Details of reverse conversion processing

In reverse direction conversion of mdnconv (performance when -reverse option is specified), the following process is performed line-by-line for input data.

  1. Reads text one line from a file or standard input.
  2. Remove linefeed code of line end.
  3. Gets out a part been surmised multilingual domain name. When the input code set is ASCII-compatible encoding (ACE) such as RACE and -whole option is not specified, gets out whole line as one domain name. In the others case, chases up all sectional strings which can be taken as correct ASCII domain names (parts composed of alphanumeric, hyphen and period, however start character is only alphanumeric, and end character is other than hyphen) in the line And, for each found strings, try to convert from input ACE encoding to UTF-8, when successed, gets out the strings as multilingual domain name. By performing these processing, in the case of mixed strings encoded by ACE in the middle of line, multilingual domain names stands to be able to be got out correctly.

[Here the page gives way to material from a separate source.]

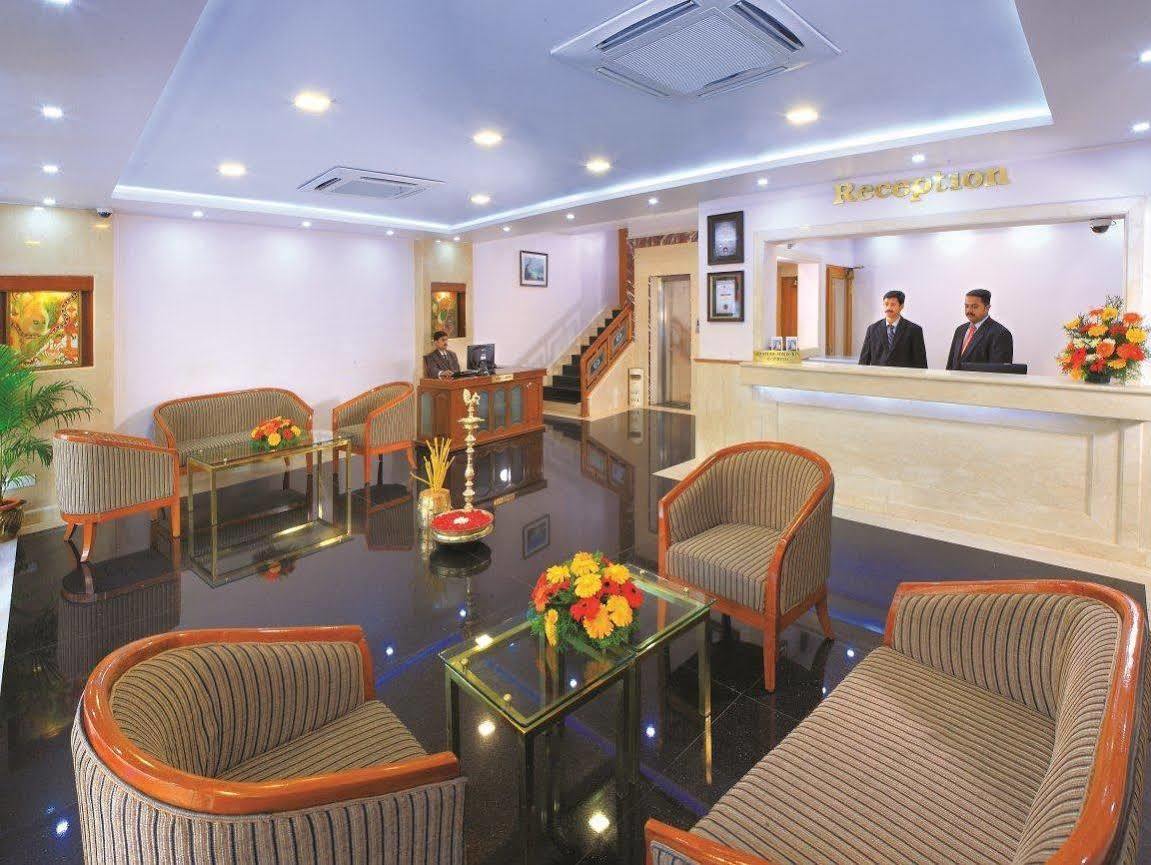 Hotel Excellency Kochi Exterior foto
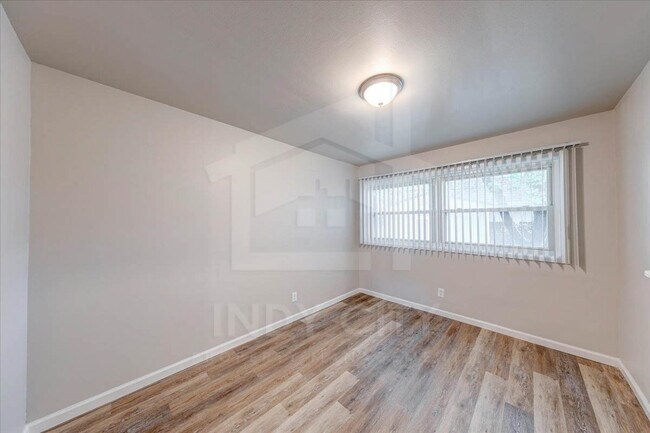 Building Photo - 3451 N Hartman Dr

  4. Converts each multilingual domain names which are got out to UTF-8.
  5. For each multilingual domain names which are got out, performs normalization by NAMEPREP (performing mapping, normalization, and check whether not be contained prohibit characters check, unassigned code point check). If not be normalized, if input encoding is ACE, set back to input string, if not ACE, proceeds to next step directly. However, when -nonameprep is specified, these normalization steps are never performed. Moreover, when -nounassigncheck is specified, only unassigined code point check is not performed.
  6. Fill multilingual domain names which are got out back to inside line. Fill multilingual domain names which are got out and converted UTF-8 back to inside line.
  7. In this operation, check whether the conversion result is correctly encoded as UTF-8. In essence, this processing is not necessary but checking is performed here in consideration of the possibility of bugs in normalization.
  8. Converts from UTF-8 encoding to the output encoding specified by -out.
  9. Adds linefeed code of line end.
  10. Outputs the contents of line to standard output as result of conversion.